I wonder how close we have to get to that threshold in order to have enough experience to see how close we are.

No, I don’t think the imminent launch implies an imminent hard takeoff. I just find myself wondering if we’ll recognize the potential of the technique, or whether we’ll just make two big lumps of fissile uranium by accident (“Oooo! Shiny!”) and get on with the business of bashing them together.

Kelly criterion

Aside from the obvious issue of compensating for errors, I don’t have a good intuitive understanding of why one wouldn’t want to maintain a bet as close to the kelly bet as possible.

It seems that the usual complaint seems to be that you want to minimize your downside risk in the short term, and a kelly bet is concerned only with maximizing the long term gains.

What doesn’t sit well:

  • “Short term” is already well known to be a bad measuring stick. You measure your progress over months and years, not days and weeks. Optimizing for the short term isn’t much different than sitting down at a $1-$2 no limit poker game with your last $50, hoping that you can play so conservative that you somehow stave off the inevitable ruin.
  • I suspect that the simple explanations are applying a rule-of-thumb in order to model the needs of a career player: the competing constraints of paying the bills while also growing the bankroll. My intuition is that including this explicitly, or baking the effect into an “effective bankroll” (instead of a fudge factor on the ideal bet) would give a better over all result, or at the very least, a more intuitive explanation.

I need to think about this more.

Card-counting and evolutionary algorithms

I’m a bad blackjack player. Bad enough that I refrain from playing anywhere except a friendly home situation with no money at stake, where I definitively demonstrate how bad I actually am.

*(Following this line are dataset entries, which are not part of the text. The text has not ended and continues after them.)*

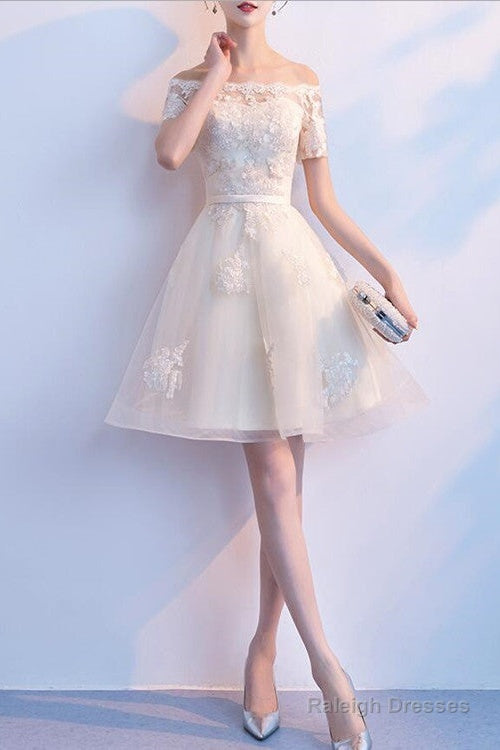 Lovely Ivory Organza Short Sleeves Prom Dresses Cute Prom Dresses Lovely Short Prom Dresses Main image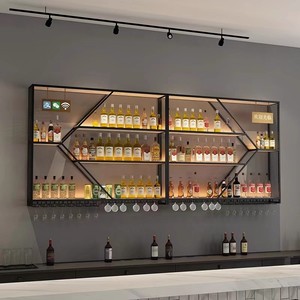 Meuble à vin lumineux multi-étages moderne pour bar commercial et présentoir mural en fer forgé sur mesure - Product Image 5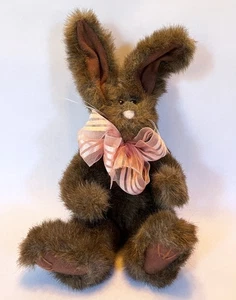 Coniglietto coniglietto peluche posabile snodato ragazzo vintage c1990s, fiocchi rosa, senza etichette - Foto 1 di 5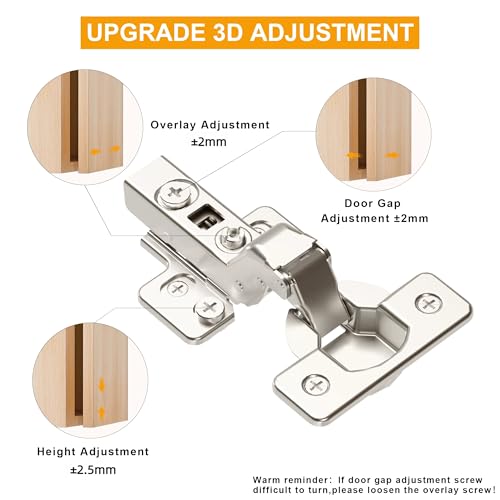 2-Pack Frameless Soft Close 40mm Cup Inset Cabinet Hinges - size: Inset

That said, I find myself intrigued:

Given a population of players based on existing counting techniques, with crossover and mutation, and a fitness function that included optimizing for function size and minimum worst-case runtime memory usage, what sort of counting technique might we turn up?

HTML is to the web as assembler is to computing

I’m kinda surprised that there haven’t been more projects taking a translation/compilation approach to working around IE’s rendering deficiencies. We have a good specification of how things are supposed to work, and many years of experience with how they actually work in various browsers.

Is it that the folks interested in compilers and such just aren’t interested in web technology? (Well, when I put it that way…)

IE6 CSS Fixer is an example of the sort of approach that I think could yield big benefits, especially with guidance from someone with some compiler-writing experience. Splitting the general problems of graphic design and application development from the tinkering needed for cross-browser issues would mean one less rather annoying pebble in many folks’ shoes.